3. Merkez Hoparlör (Center Channel Speaker): Merkez hoparlörler, özellikle ev sinema sistemlerinde kullanılır. Diyalogların net ve anlaşılır olması için tasarlanmıştır ve genellikle televizyonun hemen altına yerleştirilir.

Monitor Audio Silver C250 7G Center Channel Speaker

4. Surround Hoparlörler (Surround Speakers): Surround hoparlörler, sinema deneyimini evde yaşatmak için kullanılır. Odanın etrafına yerleştirilerek sesin izleyiciyi çevrelemesi sağlanır. Bu hoparlörler, film izlerken seslerin daha gerçekçi ve etkileyici bir şekilde duyulmasını sağlar.

5. Subwooferlar: Subwooferlar, düşük frekanslı sesleri, yani bassları üretmek için tasarlanmış özel hoparlörlerdir. Hem müzik dinlerken hem de film izlerken derin ve vurucu basslar elde etmek için kullanılırlar.
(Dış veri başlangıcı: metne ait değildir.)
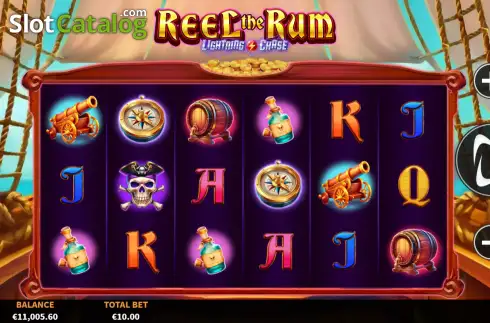 Скрин2. Reel the Rum слот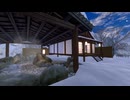 【VRChatワールド紹介】Yayoi Winter Onsen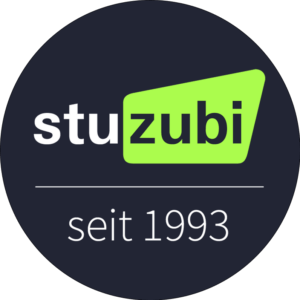 Stuzubi Logo seit 1993 rund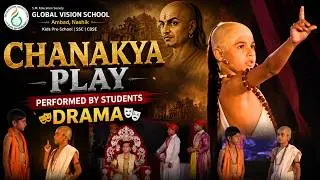 Chanakya play performed by Students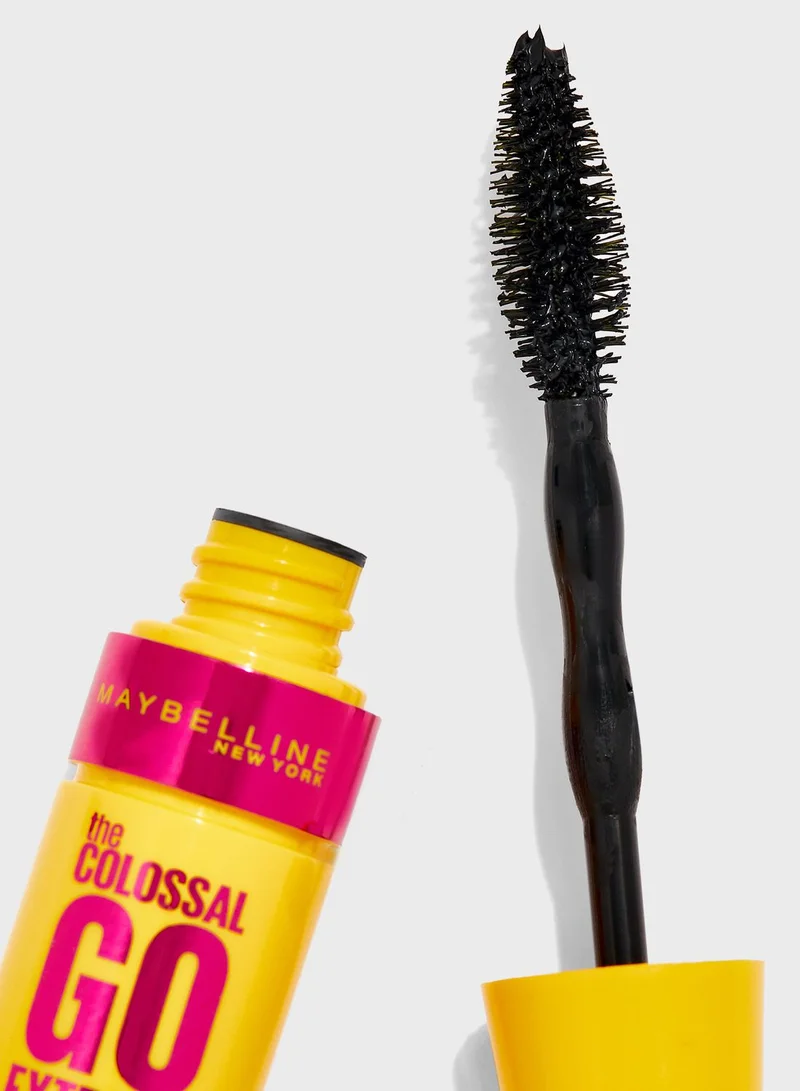 MAYBELLINE NEW YORK Colossal Go Extreme Mascara Very Black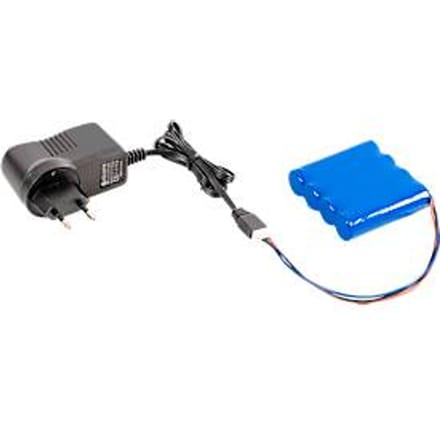 Kern HFD-A07 Laadstation (Li-ion) voor HFD, THFD-A04-/THFDIP-/THFDM-A-connector: Netvoeding + accu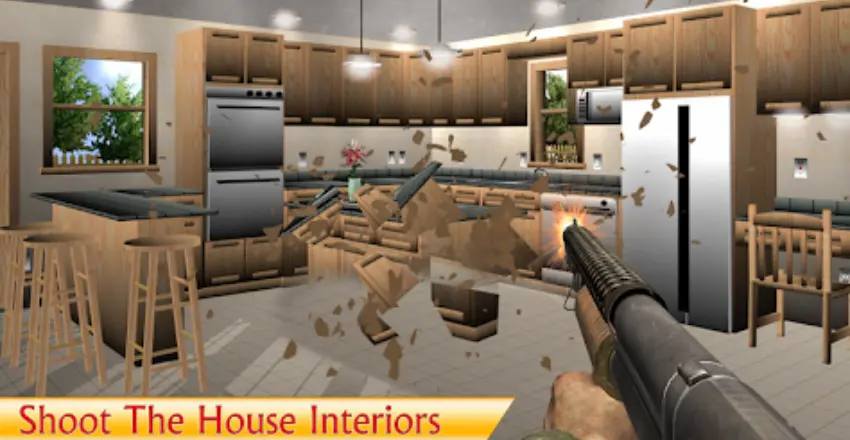 Destroy the House - Home Game Ultimate Destruction Simulator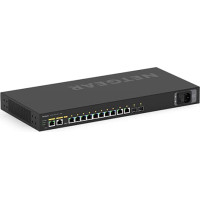 Netgear M4250-10G2F Vadīts L2/L3 Gigabit Ethernet (10/100/1000) Power over Ethernet (PoE) 1U Melns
Aktif ve Pasif Hoparlörler Arasındaki Farklar

Hoparlörler, dahili bileşenlerine göre iki ana kategoriye ayrılır: aktif hoparlörler ve pasif hoparlörler.

Aktif Hoparlörler

Aktif hoparlörler, dahili bir amplifikatöre sahip olan hoparlörlerdir. Bu hoparlörler, ses sinyalini almak ve onu hoparlör sürücülerine iletmek için gerekli gücü sağlamak amacıyla dahili bir amplifikatör kullanır. Bu tür hoparlörlerde, amplifikatör hoparlörle entegre olduğu için, ek bir amplifikatöre ihtiyaç duyulmaz. Aktif hoparlörler genellikle DJ'ler, müzisyenler ve stüdyo kullanımı için tercih edilir çünkü tek bir cihazla ses üretimi sağlanır.

Pasif Hoparlörler
 

Pasif hoparlörler, ses sinyalini işlemek için harici bir amplifikatöre ihtiyaç duyan hoparlörlerdir. Bu hoparlörler sadece ses sinyalini alır ve sürücülere iletir. Ancak, bu işlemi gerçekleştirmek için harici bir amplifikatörden gelen güce ihtiyaç duyarlar. Pasif hoparlörler, ev sinema sistemlerinde ve müzik sistemlerinde yaygın olarak kullanılır. Bu tür hoparlörler, kullanıcıya amplifikatör seçimi konusunda esneklik sağlar ve sistemin kişiselleştirilmesine imkan tanır.

Aktif ve Pasif Hoparlörlerin Karşılaştırması

- Kullanım Kolaylığı: Aktif hoparlörler, dahili amplifikatörleri sayesinde tak-çalıştır özelliği sunar. Pasif hoparlörlerde ise, uygun bir amplifikatör bulmak ve bağlantı yapmak biraz daha fazla çaba gerektirir.
 
- Ses Kalitesi: Hem aktif hem de pasif hoparlörler yüksek kaliteli ses sunabilir. Ancak, pasif hoparlörler, doğru bir amplifikatörle kullanıldığında ses kalitesinde daha fazla esneklik ve kontrol sağlar.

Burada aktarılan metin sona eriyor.